Collaborator: You work with others to achieve results; you find ways to share responsibility and decision-making; you make room for others and still contribute yourself.

Communicator: When you write or speak, you are understood, and sometimes others are even inspired. You help others who are not understanding one another to do so.

Partner: You balance the needs of our organization with our customers’ or vendors’ needs. Your actions set and fulfill clear expectations; you build trust.

Kindness: You show empathy and compassion for your colleagues, customers, and vendors. You are helpful and supportive.

Curious: you seek to learn and understand new ideas and perspectives that differ from your own; you are inquisitive; you search for new insight.

Excellence: You demand quality from yourself and others; the work you do increases the quality we can offer our customers. 

Applying attributes

We use attributes in our formal (evaluations, 360-degree reviews) and less formal feedback, and in recruiting, hiring, and onboarding new employees. Using attributes at every stage of the employee journey creates continuity, continually reinforcing their importance.
In the hiring process, we have found several impactful applications for attributes:

  • Initial phone screens focus on the essential attributes defined by the hiring manager and quickly elevate the most promising candidates.
  • Interview questions are geared to illuminate the presence (or absence) of key attributes.
  • Feedback to the hiring manager from the interviewers rates the candidates based on key attributes.

During onboarding, new employees are introduced to the attributes and their definitions and shown how and where they are used.

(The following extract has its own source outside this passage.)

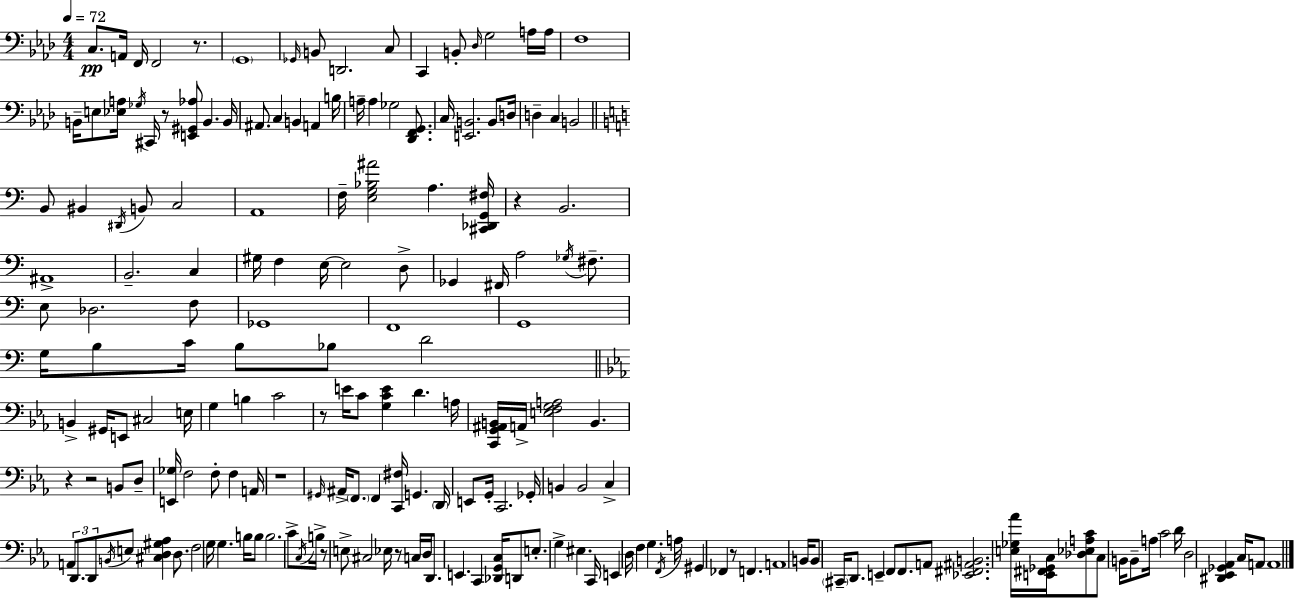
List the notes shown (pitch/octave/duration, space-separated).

C3/e. A2/s F2/s F2/h R/e. G2/w Gb2/s B2/e D2/h. C3/e C2/q B2/e Db3/s G3/h A3/s A3/s F3/w B2/s E3/e [Eb3,A3]/s Gb3/s C#2/s R/e [E2,G#2,Ab3]/e B2/q. B2/s A#2/e. C3/q B2/q A2/q B3/s A3/s A3/q Gb3/h [Db2,F2,G2]/e. C3/s [E2,B2]/h. B2/e D3/s D3/q C3/q B2/h B2/e BIS2/q D#2/s B2/e C3/h A2/w F3/s [E3,G3,Bb3,A#4]/h A3/q. [C#2,Db2,G2,F#3]/s R/q B2/h. A#2/w B2/h. C3/q G#3/s F3/q E3/s E3/h D3/e Gb2/q F#2/s A3/h Gb3/s F#3/e. E3/e Db3/h. F3/e Gb2/w F2/w G2/w G3/s B3/e C4/s B3/e Bb3/e D4/h B2/q G#2/s E2/e C#3/h E3/s G3/q B3/q C4/h R/e E4/s C4/e [G3,C4,E4]/q D4/q. A3/s [C2,G2,A#2,B2]/s A2/s [E3,F3,G3,A3]/h B2/q. R/q R/h B2/e D3/e [E2,Gb3]/s F3/h F3/e F3/q A2/s R/w G#2/s A#2/s F2/e. F2/q [C2,F#3]/s G2/q. D2/s E2/e G2/s C2/h. Gb2/s B2/q B2/h C3/q A2/e D2/e. D2/e B2/s E3/e [C#3,D3,G#3,Ab3]/q D3/e. F3/h G3/s G3/q. B3/s B3/e B3/h. C4/e C3/s B3/s R/e E3/e C#3/h Eb3/s R/e C3/s D3/s D2/e. E2/q. C2/q [Db2,G2,C3]/s D2/e E3/e. G3/q EIS3/q. C2/s E2/q D3/s F3/q G3/q. F2/s A3/s G#2/q FES2/q R/e F2/q. A2/w B2/s B2/e C#2/s D2/e. E2/q F2/e F2/e. A2/e [Eb2,F#2,A#2,B2]/h. [E3,Gb3,Ab4]/s [E2,F#2,Gb2,C3]/s [Db3,Eb3,A3,C4]/e C3/e B2/s B2/e A3/s C4/h D4/s D3/h [D#2,Eb2,Gb2,Ab2]/q C3/s A2/e A2/w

In the feedback-giving process (also an important part of BayWa r.e. culture) attributes come in handy as well. For informal feedback, a kudos channel in Slack (we call it #awesomesauce, see below) allows one team member to attach attributes when they give another team member public praise, reinforcing the behaviors that are critical to success. More formal feedback given privately as part of performance evaluations and peer reviews also refers to attributes, helping team members see in which areas of their behaviors they could seek improvement.

Attributes as culture

As your team becomes familiar with your company attributes, the values of the company are elevated and accessible. When we talk about “health” as a company core value at BayWa r.e.—as I mentioned earlier—we can now use our attributes (Kindness & Straight Talk, for example) to make the core value of “health” more tangible. These attributes are now part of our cultural language.

Whether you’re starting with attributes to help define your core values, or using them to reinforce and illustrate existing ones, they are a great tool to help you, and your leadership team, become more intentional about the behaviors you cultivate in your organization. Good luck!